Dallas does have a team though, the Americans, and Vancouver will be known by its old WHA name, the Blazers. The NHL didn’t bother taking that name either in 1979.

Quebec City is just the latest franchise that has folded. In June, a Calgary, Alberta, company purchased two franchises, one in Jacksonville, Fla., and the other in Orlando, Fla., from David Waronker. Waronker’s teams had been in the WHA2, a low-level minor league that is now the Southern Professional Hockey League. Waronker claimed he never got the money for the teams and called off the deal. A few weeks later, Waronker was again thinking of placing his Orlando team in the WHA, but that fell through.

The WHA held its first, and more than likely it last, amateur and professional drafts in mid-July at a casino in Niagara Falls, Ontario. The league’s so-called commissioner, Bobby Hull, stormed out after getting questions from reporters about the league’s viability. Hull really isn’t the commissioner and seems to be available to the league in some sort of public relations deal a few times a month.

The WHA’s initial goal was to be a notch under the NHL, but better than the top hockey minor league, the American Hockey League. The founders wanted to put excitement back in hockey with rules designed to promote more scoring. Prices would bring more families into arenas, although the average ticket was going to be more than $30 per game.

The WHA made a number of mistakes. Hockey is growing quickly in the United States. USA Hockey has more members than ever before, the NHL has 24 U.S. teams, and the minor leagues continue to grow, particularly in the south. The United States has a successful national team now that is being fed by junior leagues that are sprouting up throughout the country.

There is really no need for an alternate “major league” in the United States. The WHA founders learned that the other cities that had a remote interest in the WHA were those with old and unused arenas like Dallas and Pontiac. The WHA was reduced to looking for those type of venues, but could not land Miami or Cincinnati or at basketball facilities in Phoenix or Minneapolis.

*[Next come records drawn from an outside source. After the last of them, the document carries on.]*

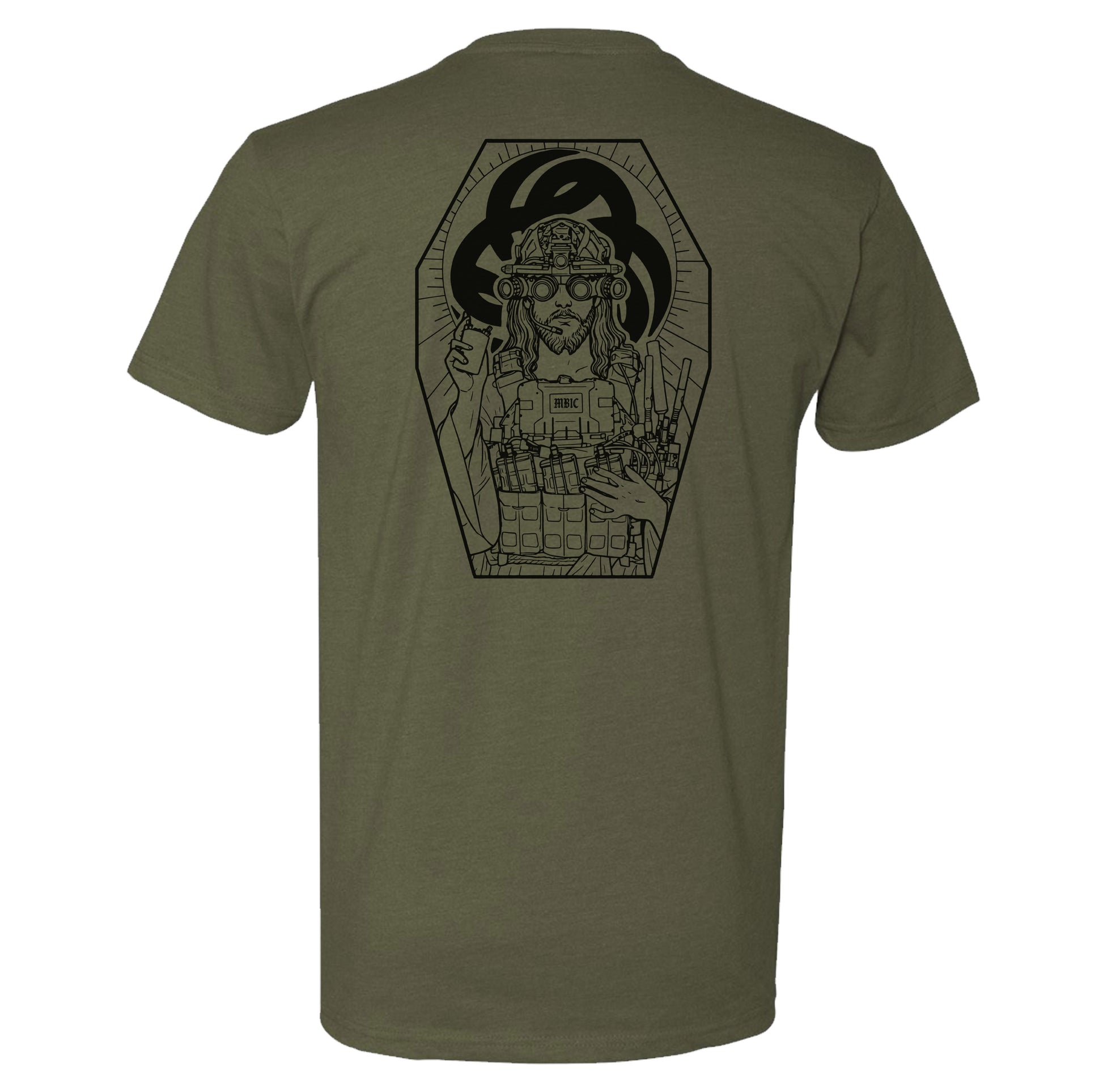 MANET MESSIAH Tee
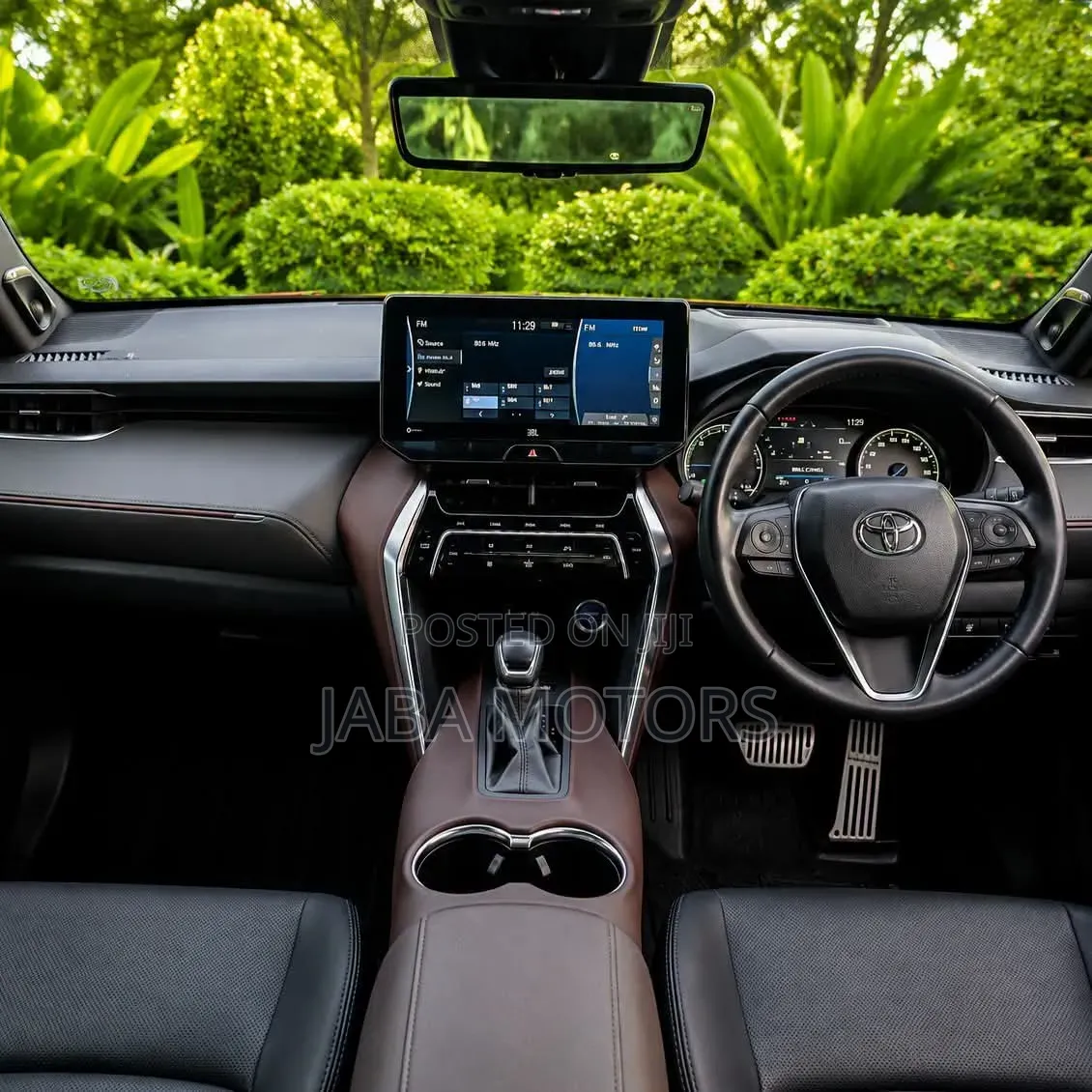 Toyota Harrier 2021 Black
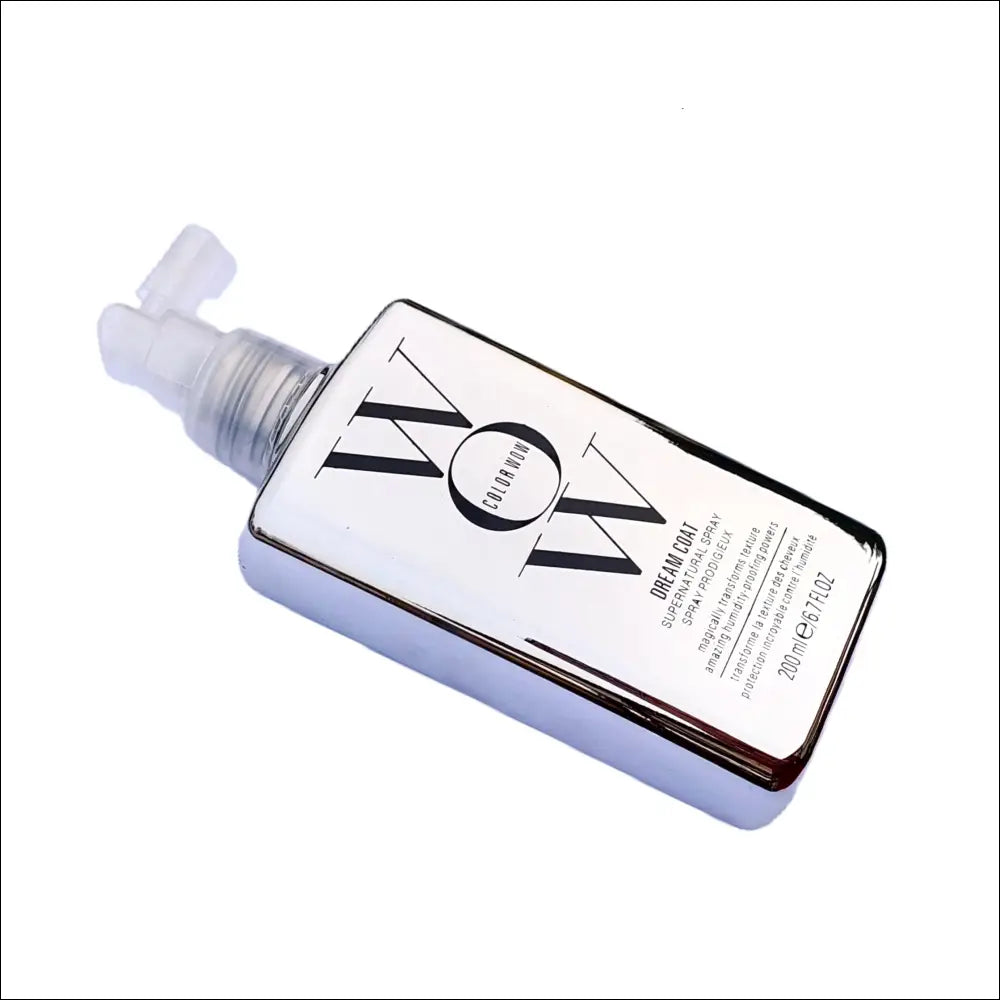 Wow Dream Coat värmeskydd glansspray för lockigt hår – 200 ml - white - mutual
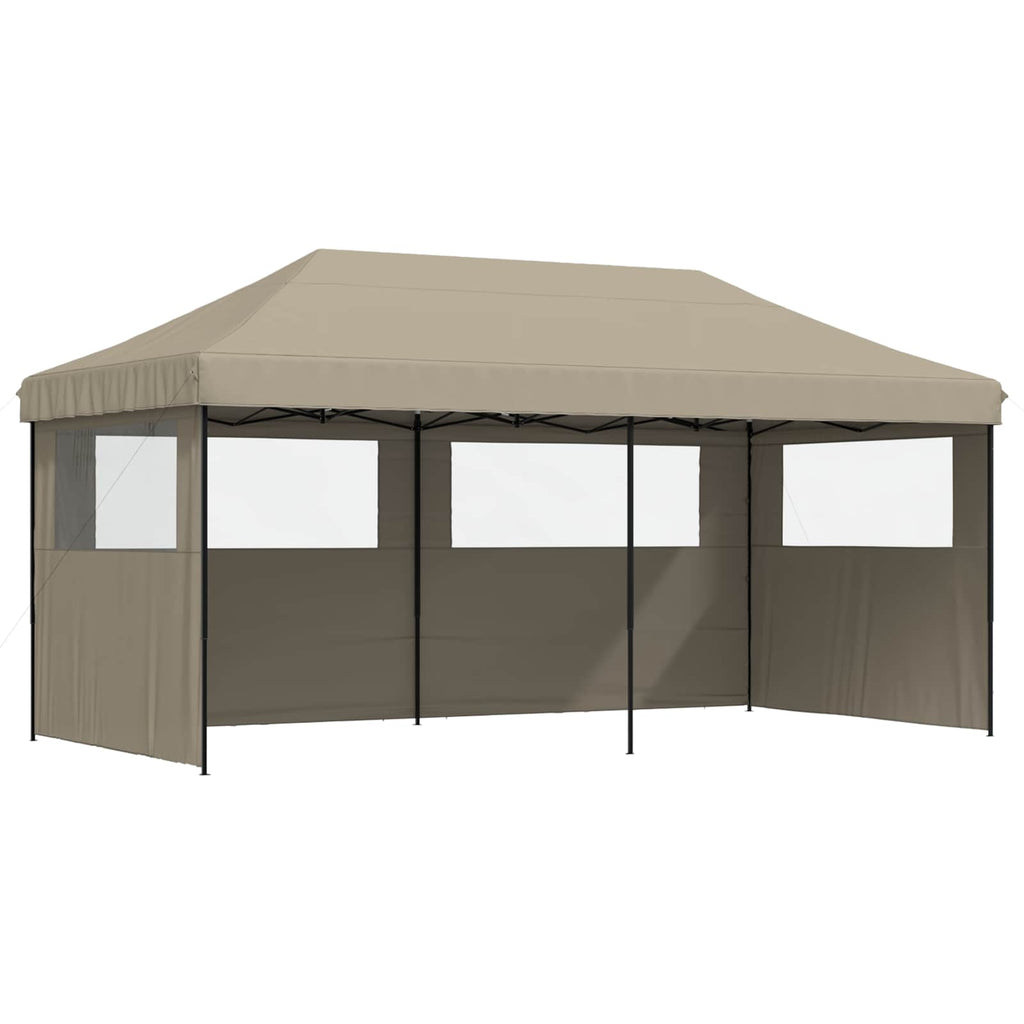 vidaXL Namiot Imprezowy Ciemnoszary 292 x 580 x 315 cm Materiał Oxford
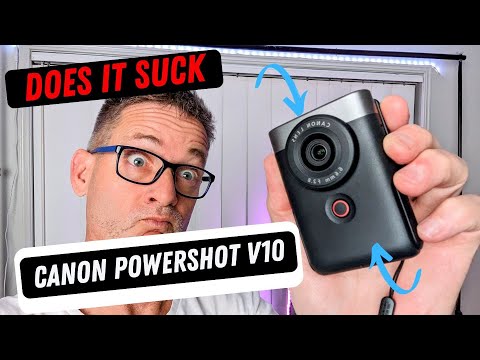 Canon Powershot V10 - Travel Review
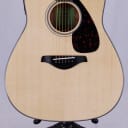 Yamaha FGX800C Acoustic-Electric Guitar - Natural (SNR-1827)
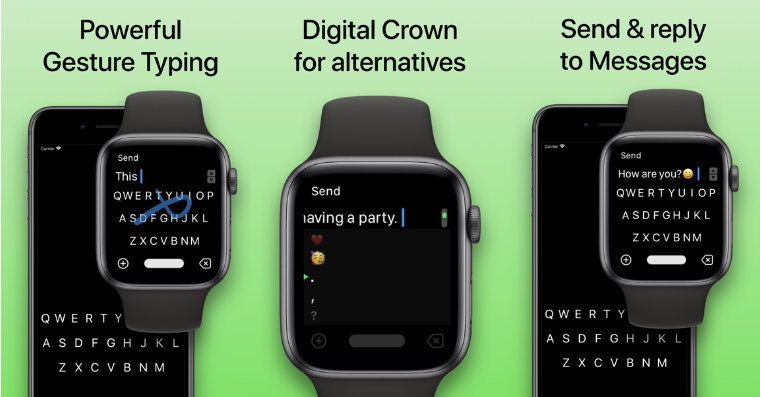 FlickType - Watch Keyboard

In Canada, the league may have landed Halifax, which is too small, and not economically robust enough to compete with say, Toronto, and failed in Quebec City. Toronto and Hamilton have various levels of hockey ranging from the NHL to the AHL to juniors. There really is no need for the WHA, even if NHL owners lock out their players, the American Hockey League will be playing, as will the ECHL, the United Hockey League, the Western Professional Hockey League and the Southern Professional Hockey League. Additionally, there is college hockey, and junior development leagues such as the United States Hockey League and the North American Hockey League. And a few U.S. cities have Canadian Junior A Hockey teams. There is plenty of hockey available in the lower 48 and Alaska even if the NHL does lock out its players.

In 1971, there was a need for the original WHA which opened southern markets, hired European players on a regular basis and gave hockey people jobs. The original WHA wasn’t the best hockey nor were its teams well financed, but it pushed the NHL into changing its business strategies just like the American Football League did to the NFL and the American Basketball Association did to the NBA. But in 1971, when the original WHA organizers started thinking about starting play in 1972, the NHL had 14 teams. Today it has 30, USA Hockey is an international force, there are minor leagues, development leagues and hockey programs from the ages of 5 to juniors. There just isn’t any need for the WHA as its organizers are finding out.

Evan Weiner is a radio commentator on “The Business of Sports.”